# hi girls iam back



## lucky lodge (Oct 25, 2012)

hi everyone,,,its been so long since ive been on here and to think it was me and cassie that started mare stares chat board because we talked to much hahahahah...well my little babys are nearly 1tyrs old now....ill be putting dusty back in foal soon,,,did you all hear i lost my saffire my heart is still lost without her but i have her beautiful daughter ....ive sold my dog wash business and now have a spray tanning business and is doing great........took de-ago and lady to there first show de-ago got champion and lady got reserve champion....was pretty chuffed about that......so whats been happening on here all good i hope.......

cheers jenny

lady at her first show

she the one on the right


and little de-ago

sorry it wont let me put the only photo i have of de_ago up


----------



## countrymini (Oct 25, 2012)

yay, another aussie! lol.

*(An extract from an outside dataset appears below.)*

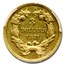 1871 $3 Gold Princess PR-50 PCGS
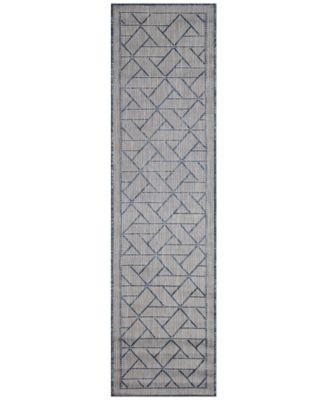 Liora Manne' - Carmel Pyramid 1'11"x7'6" Runner Area Rug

Love your 'lady', very nice


----------



## lucky lodge (Oct 25, 2012)

thanks



:yes



:yes


----------



## AnnaC (Oct 26, 2012)

Hi Jenny - great to hear from you again. Many congrats on the show successes - Lady looks fabulous, hurry up wth the pic of De-ago!

Who will you be breeding Dusty to?


----------



## lucky lodge (Oct 26, 2012)

hi ,,,willl put my lucky back over dusty

hoping for different colour lol


----------



## lucky lodge (Oct 26, 2012)

de-ago


----------



## AnnaC (Oct 26, 2012)

Still a very handsome little lad I see!!


----------



## cassie (Oct 28, 2012)

YAY Jenny is back! welcome back Jenny!

thats so exciting! babies for you next year woohoo!!! 

still trying to decide with my two LOL, I don't have much time left I know, I think I will probably leave it another year but I have to decide soon





congrats on the showing with Lady and De- ago thats brilliant! have you heard how your other little one is going with his owners? cutie little kid!


----------



## lucky lodge (Oct 29, 2012)

thanks every one



:yes



:yes


----------



## All Decked Out Mini Farm (Oct 29, 2012)

Welcome back Jenny! Glad you had fun at the show!



Love your little De-ago!


----------